__Exercise aim__.
Retype all data exactly as given. Pictures should not be retyped.
╭─ Data
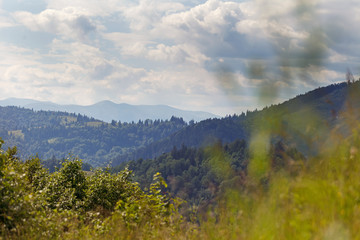 Obraz premium Carpathian forest in sunny day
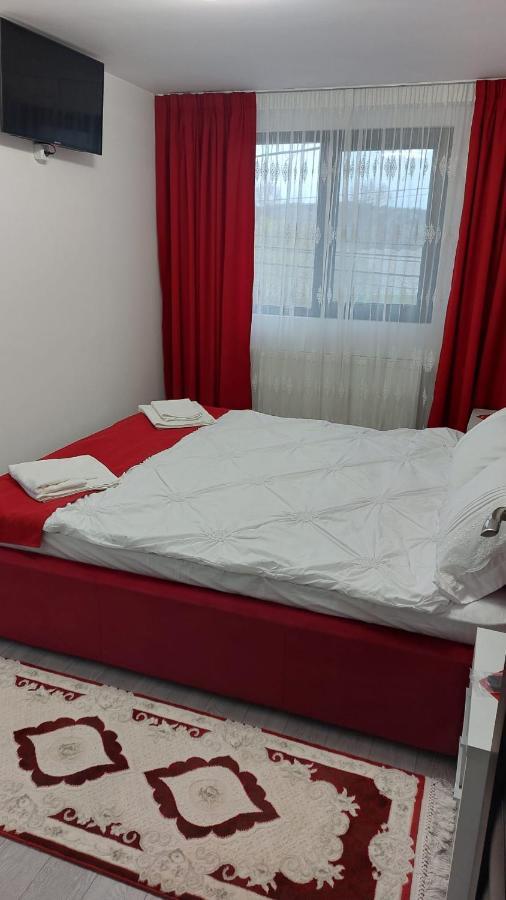 Pensiunea Antonia Sighetu Marmaţiei Esterno foto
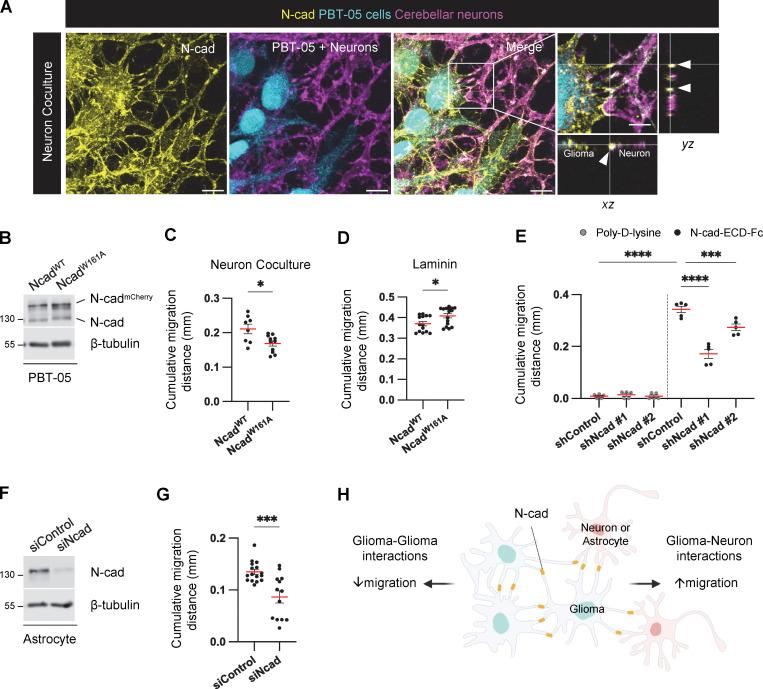https://cdn.ncbi.nlm.nih.gov/pmc/blobs/6d4c/10937189/1c215db34d88/JCB_202401057_Fig3.jpg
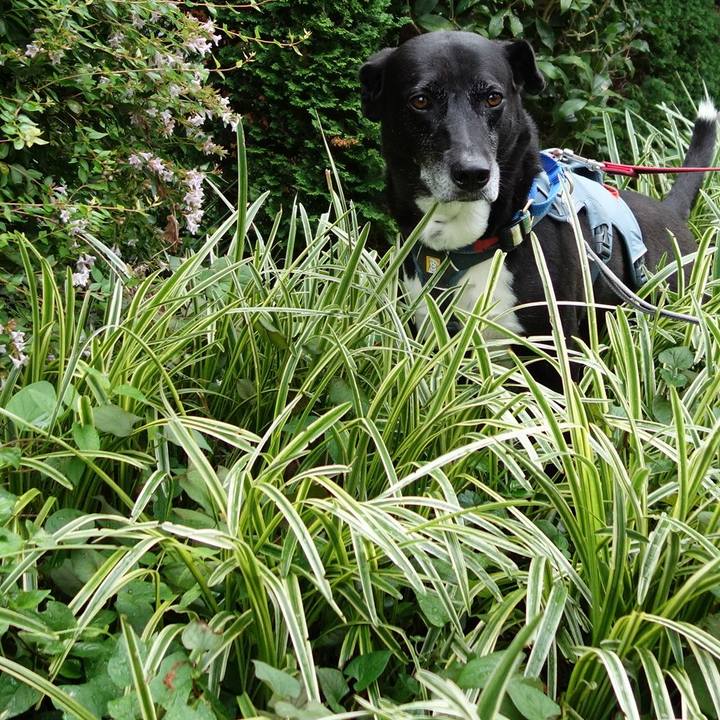 74436e15 af8d 466c a532 5ee2bb66affc 1723074118554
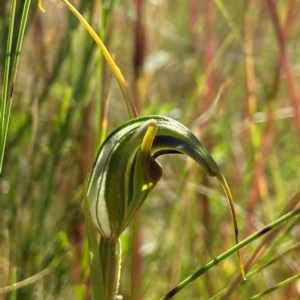 Diplodium laxum at Tennent, ACT - 18 Feb 2022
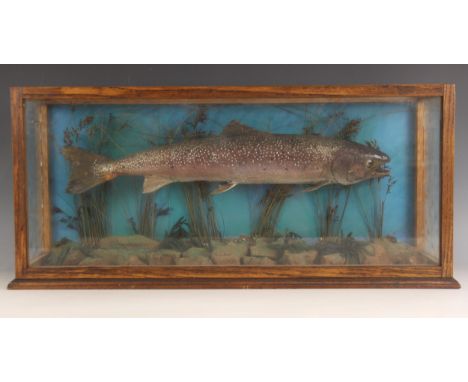 TAXIDERMY: A cased Windermere Char fish specimen, set to a naturalistic ground, the case with plain glass to the front and ri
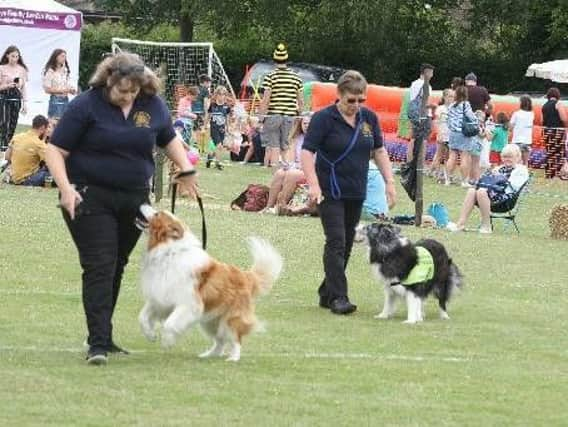 Dog obedience demostation.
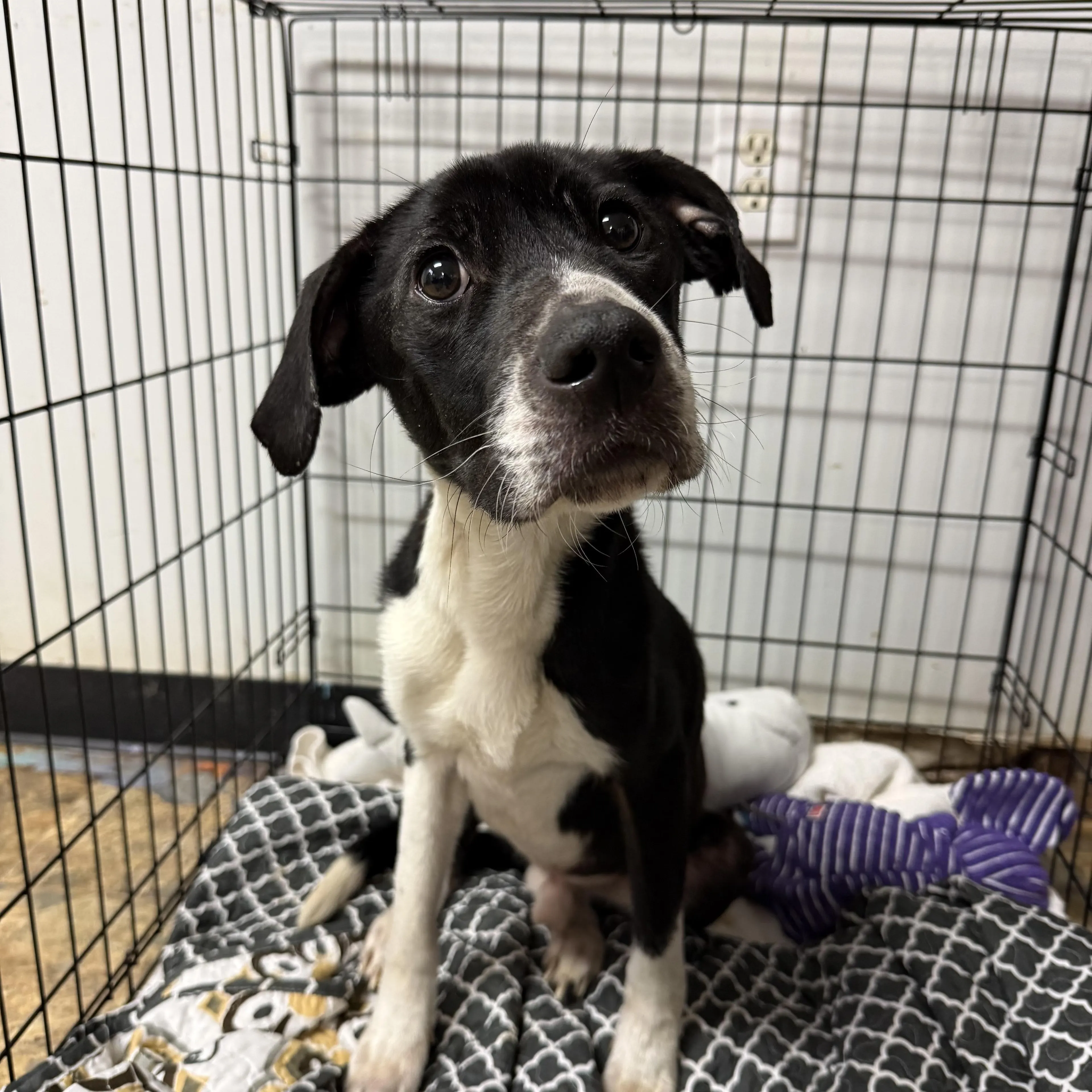 -0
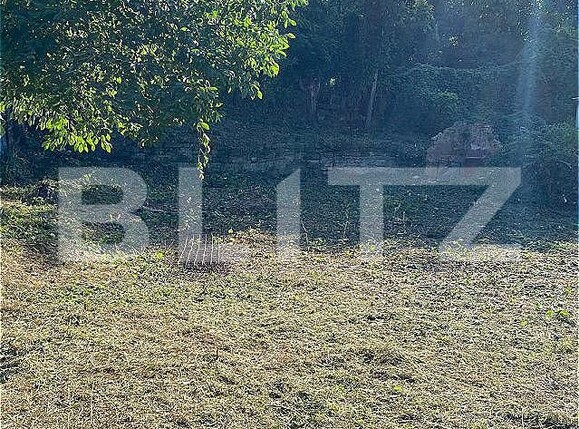 Teren de vânzare Podul de Fier - 154094TV | BLITZ Iași | Poza1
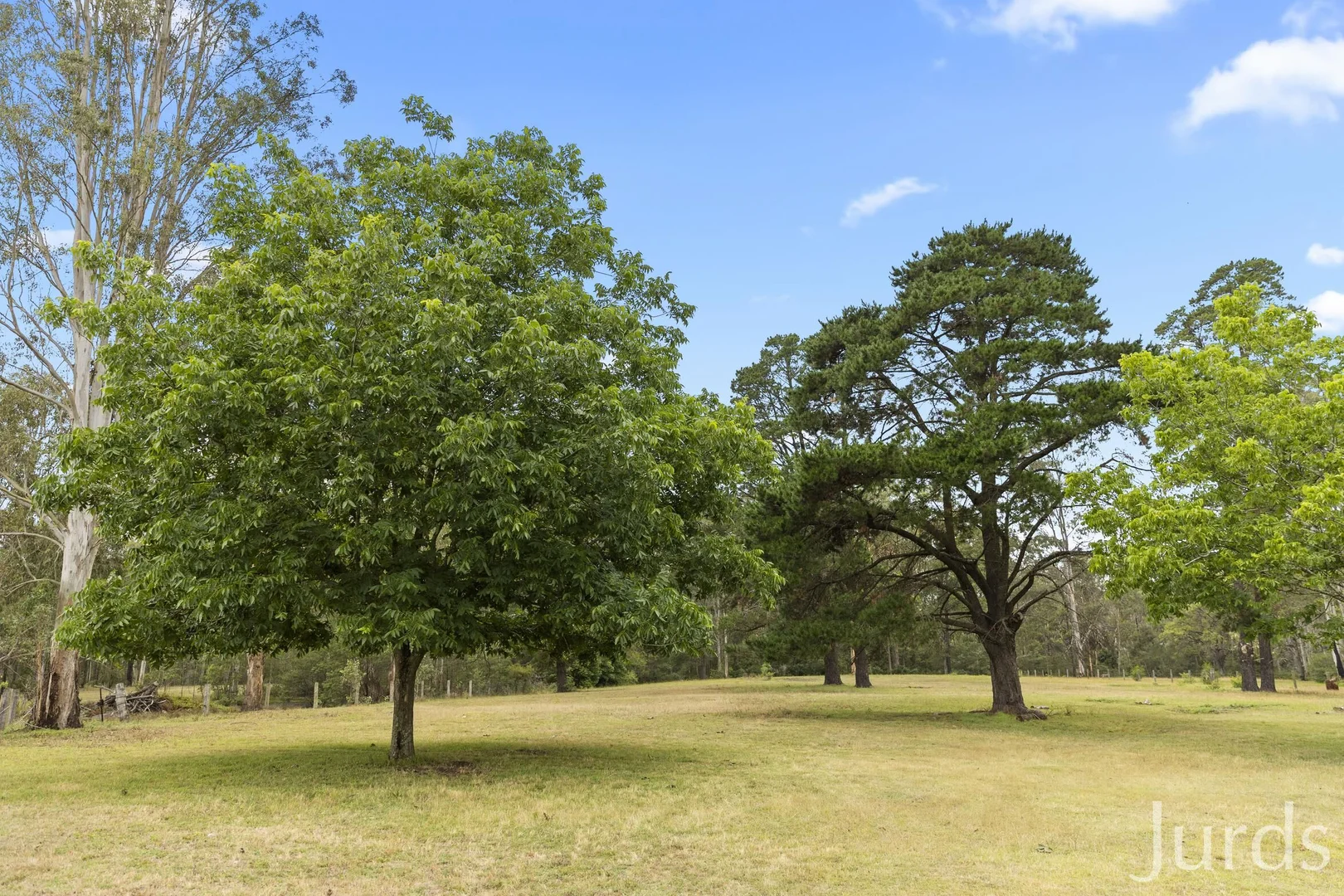 Additional image 5 of 221/1491 Old Maitland Road, Sawyers Gully NSW 2326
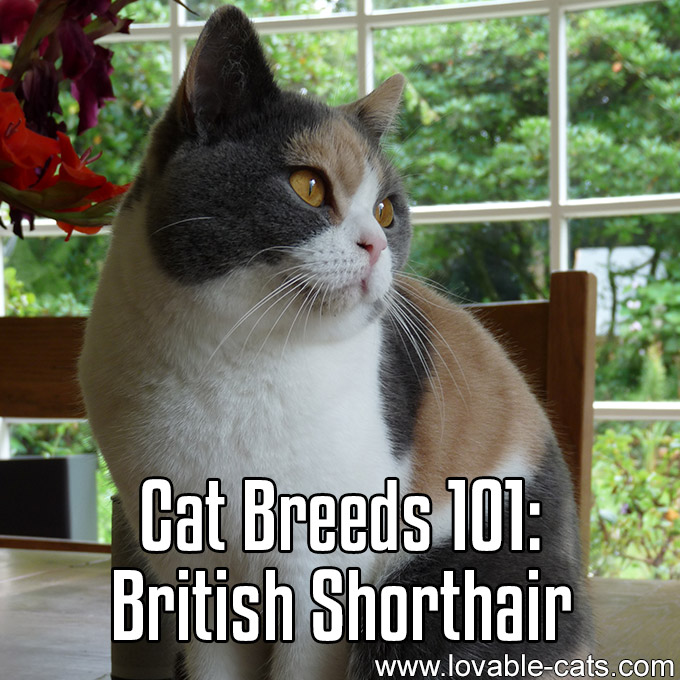 Cat Breeds 101 - British Shorthair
╰─
__Reply to the exercise__.
 Obraz premium Carpathian forest in sunny day
 Pensiunea Antonia Sighetu Marmaţiei Esterno foto
https://cdn.ncbi.nlm.nih.gov/pmc/blobs/6d4c/10937189/1c215db34d88/JCB_202401057_Fig3.jpg
 74436e15 af8d 466c a532 5ee2bb66affc 1723074118554
 Diplodium laxum at Tennent, ACT - 18 Feb 2022
 TAXIDERMY: A cased Windermere Char fish specimen, set to a naturalistic ground, the case with plain glass to the front and ri
 Dog obedience demostation.
 -0
 Teren de vânzare Podul de Fier - 154094TV | BLITZ Iași | Poza1
 Additional image 5 of 221/1491 Old Maitland Road, Sawyers Gully NSW 2326
 Cat Breeds 101 - British Shorthair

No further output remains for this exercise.